2024-07-29 16:18:01,497 DEBUG: Analytics is enabled.
2024-07-29 16:18:01,522 DEBUG: Trying to spawn ['daemon', 'analytics', '/tmp/tmp4u2bxf0j', '-v']
2024-07-29 16:18:01,527 DEBUG: Spawned ['daemon', 'analytics', '/tmp/tmp4u2bxf0j', '-v'] with pid 201447
2024-07-29 16:18:01,528 DEBUG: Removing '/tmp/tmpe3ia6n7wdvc-clone'
2024-07-29 16:18:01,529 DEBUG: Removing '/tmp/tmptyolnarmdvc-cache'
griai commented 3 months ago

Just to add my two cents, here ...

I actually work on the same team as the OP. We also tried from different machines, which also did not change anything.

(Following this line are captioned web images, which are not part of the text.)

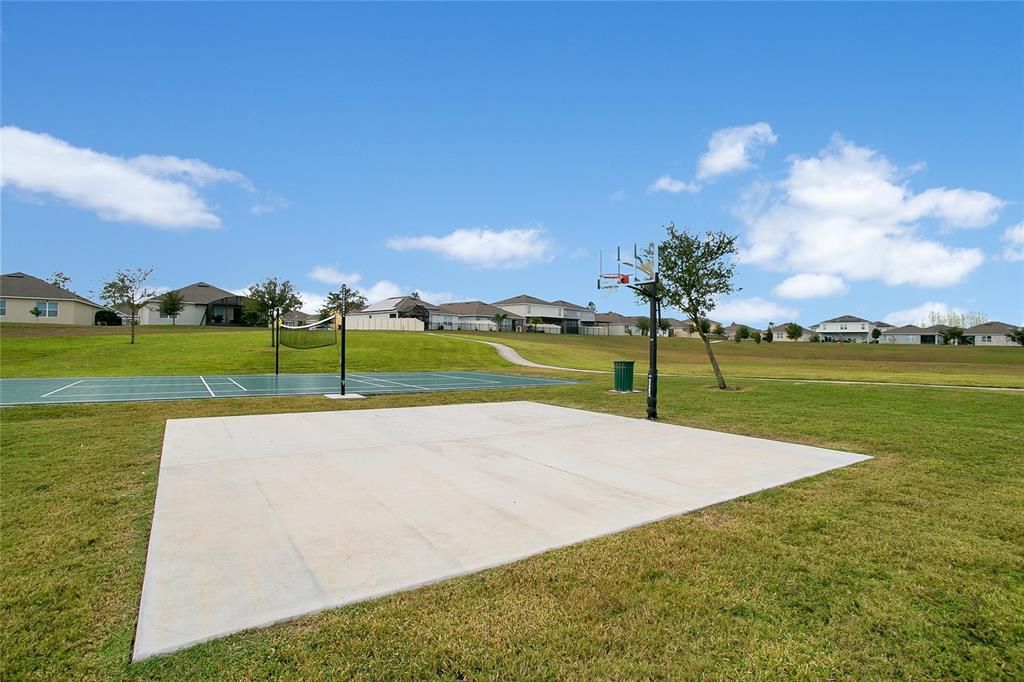 For Rent: $2,500 (3 beds, 2 baths, 1530 Square Feet)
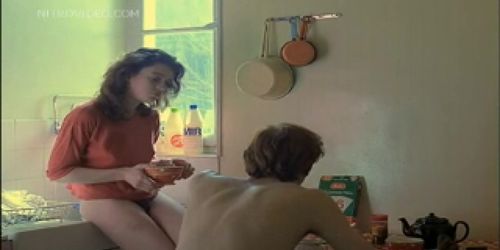 Sexy celeb Maruschka Detmers in a rare sex scene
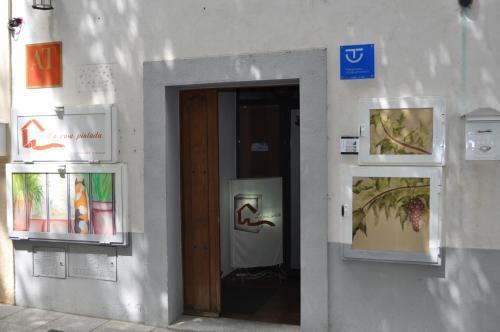 Apartamentos La Casa Pintada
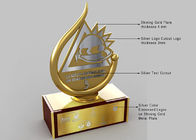 Oro brillante de los trofeos de encargo del metal de la empresa plateado con el logotipo grabado en relieve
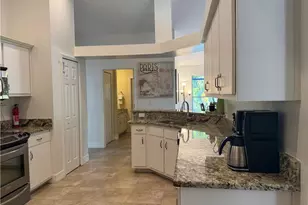 911 SE 21st Ln, Cape Coral, FL 33990 - Photo 7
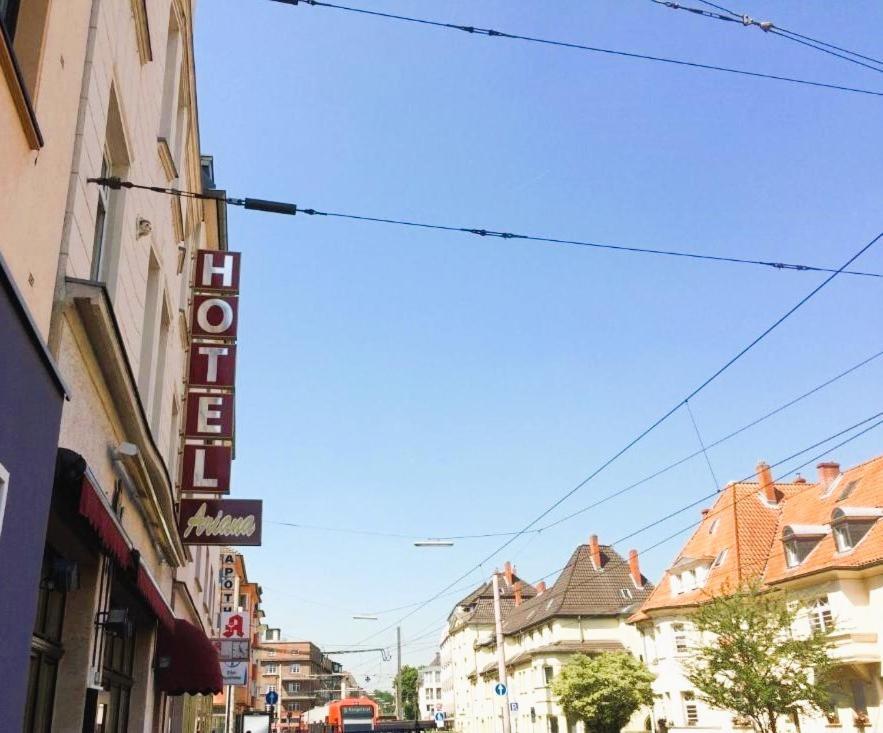 Hotel Ariana Koln Bagian luar foto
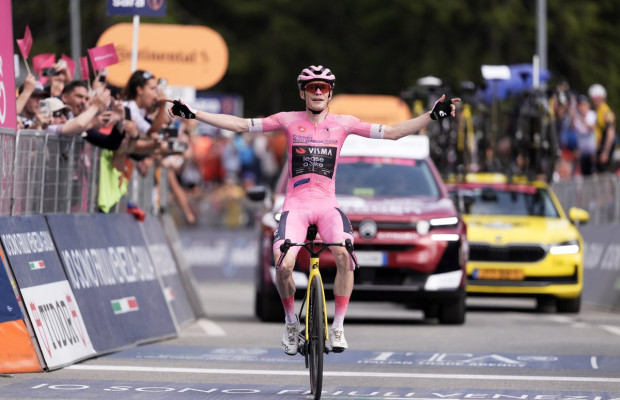 Vingegaard continue de dominer en haute montagne et a le Giro dans la poche
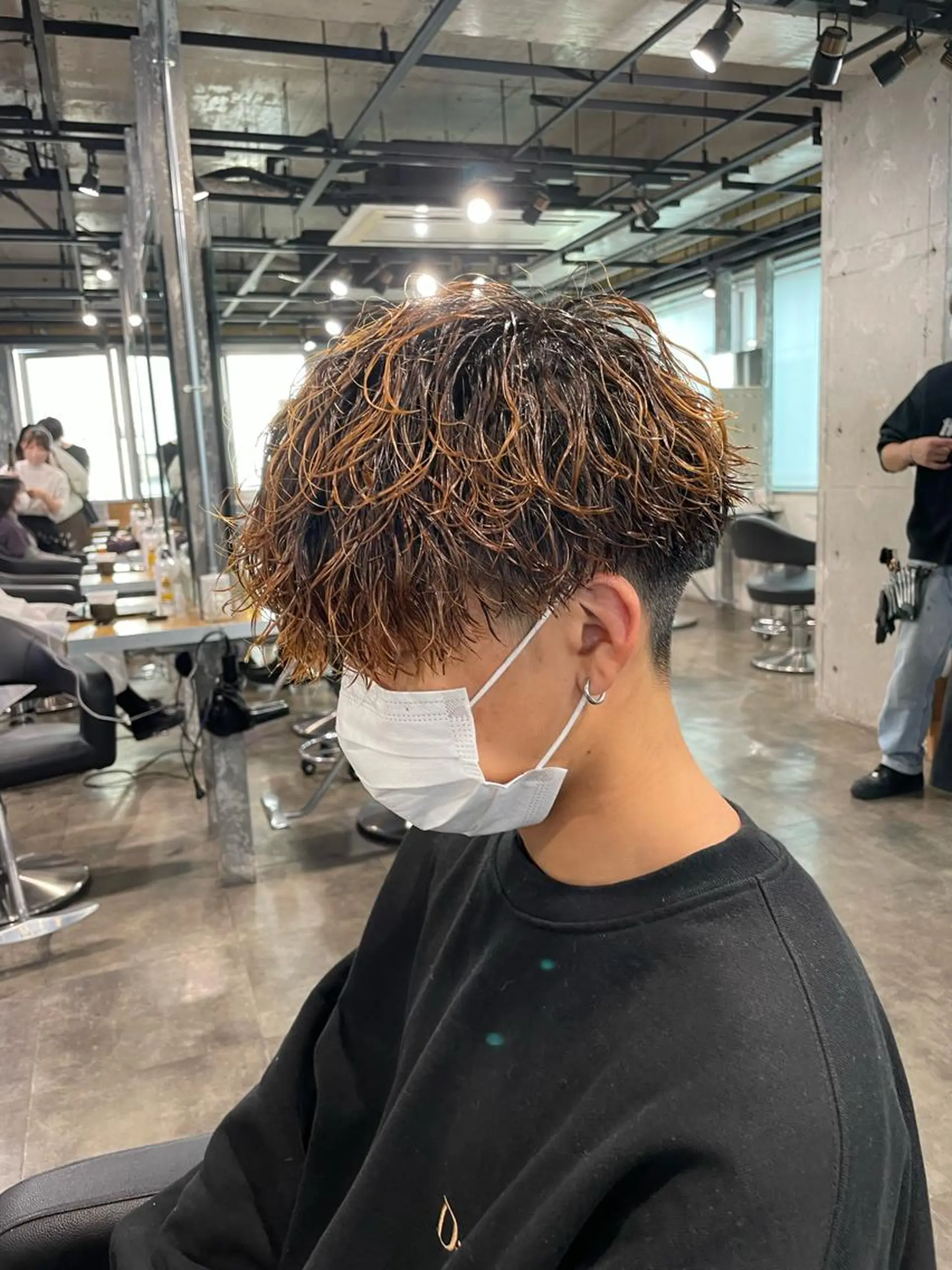 パーマ メンズ カット ヘアカラー トリートメント ヘアセット 艶髪/透明感🪽 DISCO🪽のヘアスタイル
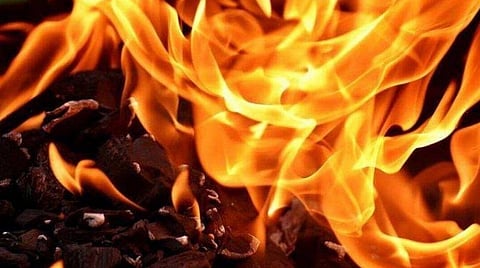 சென்னை அடையாறில் தீ விபத்து ஏற்பட்ட வீட்டில் 147 பவுன் நகைகள் கொள்ளை: கொள்ளையர் கைவரிசையா என விசாரணை
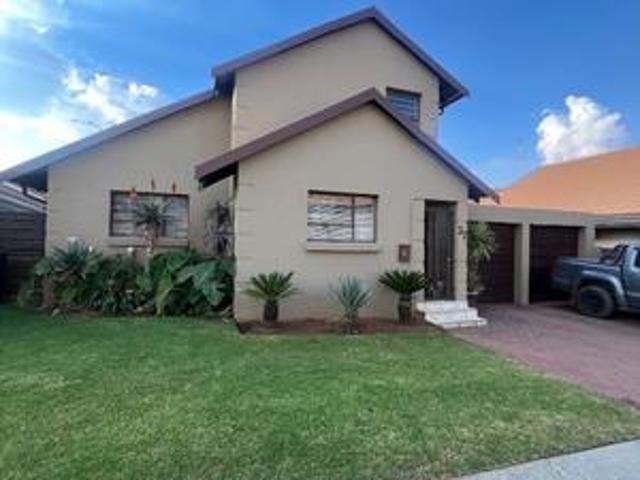stunning 3 bedroom home in crestwood.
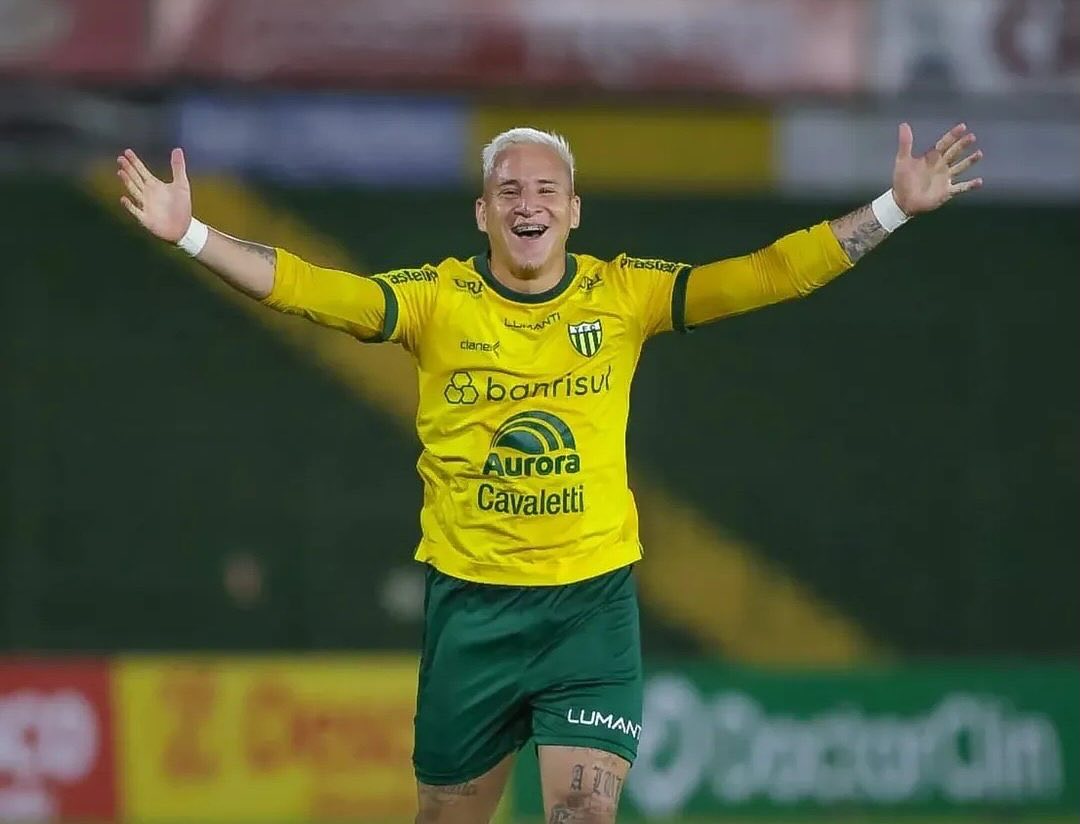 Confirmando a informação do Sergio Murilo: Emerson Galego (26), artilheiro do Gauchão 2025 pelo Ypiranga, está sendo contratado pelo #Figueirense🌪️ Em 2024: 12J, 8G. Em 2025, pelo Juventude: 5J, 0G. Deve treinar hoje com o elenco.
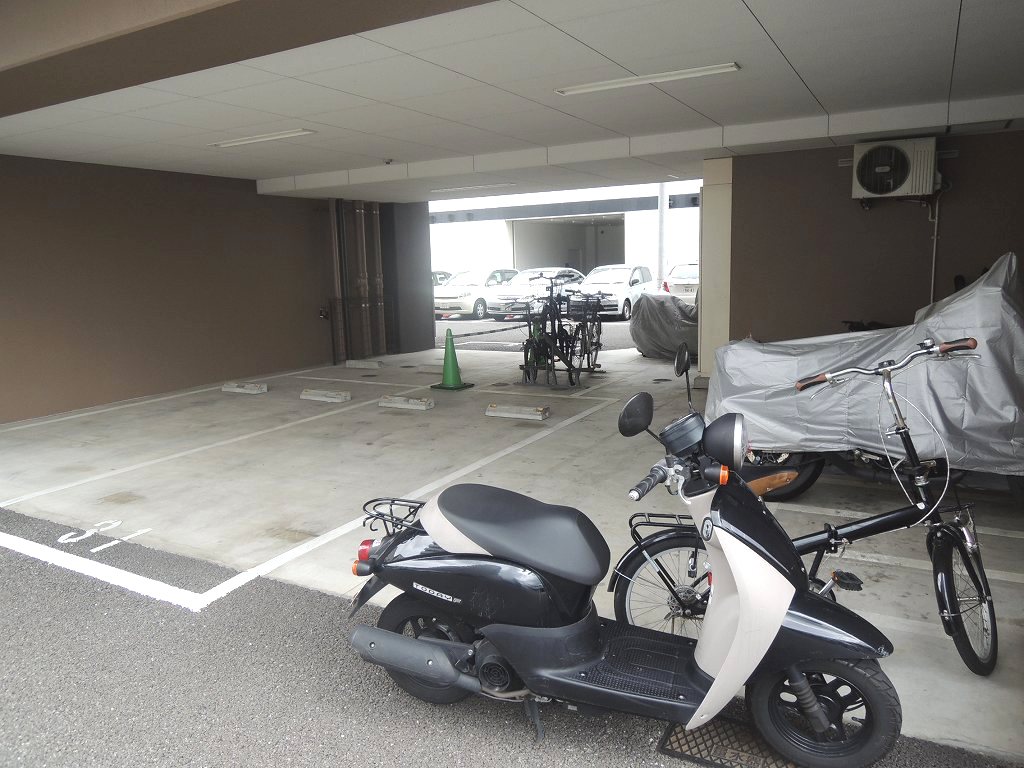 アイセレブ博多南 駐車場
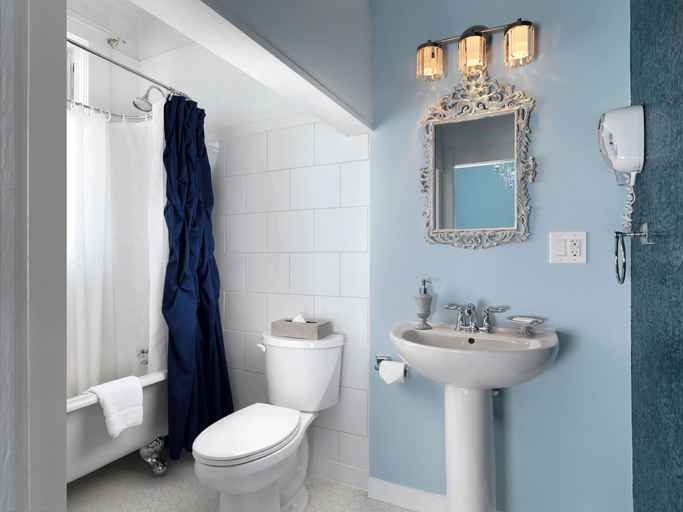 Bathroom 5, Pendray Inn & Tea House, Capital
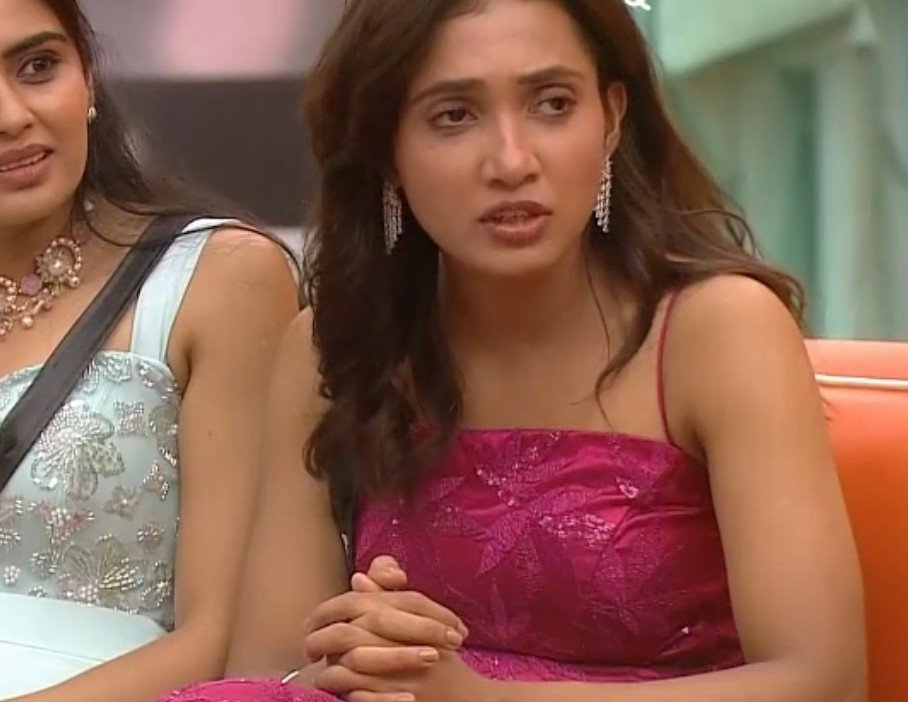 hina_khanfc1's tweet photo. Asiya 😍🩷 #Asiya #Bbk13 https://t.co/lgBnC5Koe9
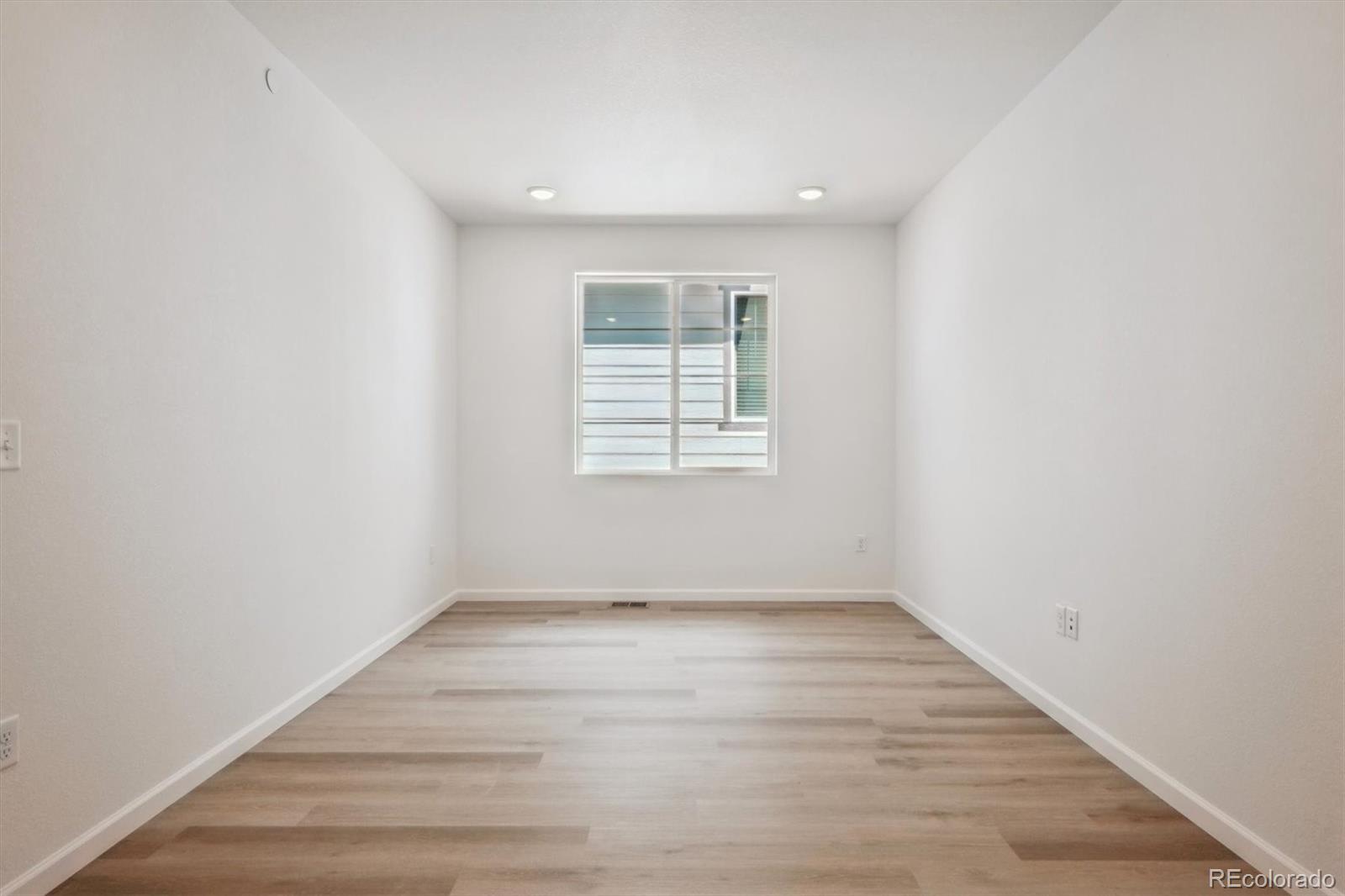 MLS Image #8 for 9091  telluride court,commerce city, Colorado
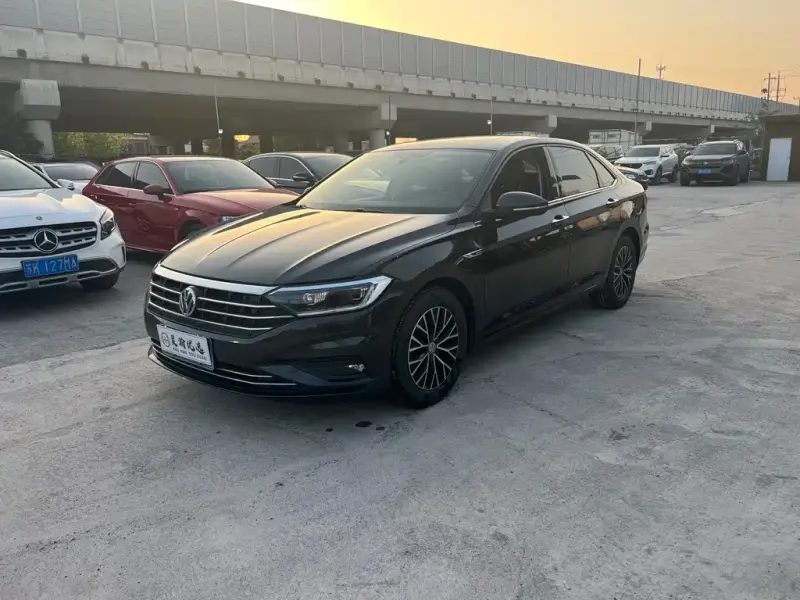 Volkswagen Sagitar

However, there is one piece of information that I can add: When I tried to pull that directory in question, I could verify that at least one file from the original directory actually was fetched to my local cache. (I just manually searched in my cache for the corresponding entry via the hash that I knew from the original.) However, it did not appear in my working directory after checkout (or pull). So what we could still do is we could try and compare the cache and see if maybe even all files in question have been transferred to my local cache. That could mean that something does not work on checkout.

Luux commented 3 months ago

As I stated above, when pushing the directory, only runs is created and contains only ~11mb. No files folder is present`.

If I add the same data with the same hashes added via dvc add, the files folder is created and takes up ~1gb. dvc pull of the manually added files works, pulling the og stage output folder does not.

So I can indeed confirm that it is not just a checkout bug.

Luux commented 3 months ago

Update: we found the cause. In one of the commits of the current branch, the out folder was set to cache: false. So naturally, the files were not uploaded to the cache anymore.

As the old state was indeed cached, this caused weird behaviour of dvc. A warning or similar could be useful in this case instead of dvc just silently behaving this way. Note that this affects all the outs of all my_stages, but only my_stage@28 indicated that something was going wrong at all.

As a suggestion, a warning/error when trying to dvc push or dvc pull an out where cache: false is set, would be helpful.

shcheklein commented 3 months ago

Closing this for now, please feel free to create a separate issue for the a warning/error when trying to dvc push or dvc pull an out where cache: false is set, would be helpful.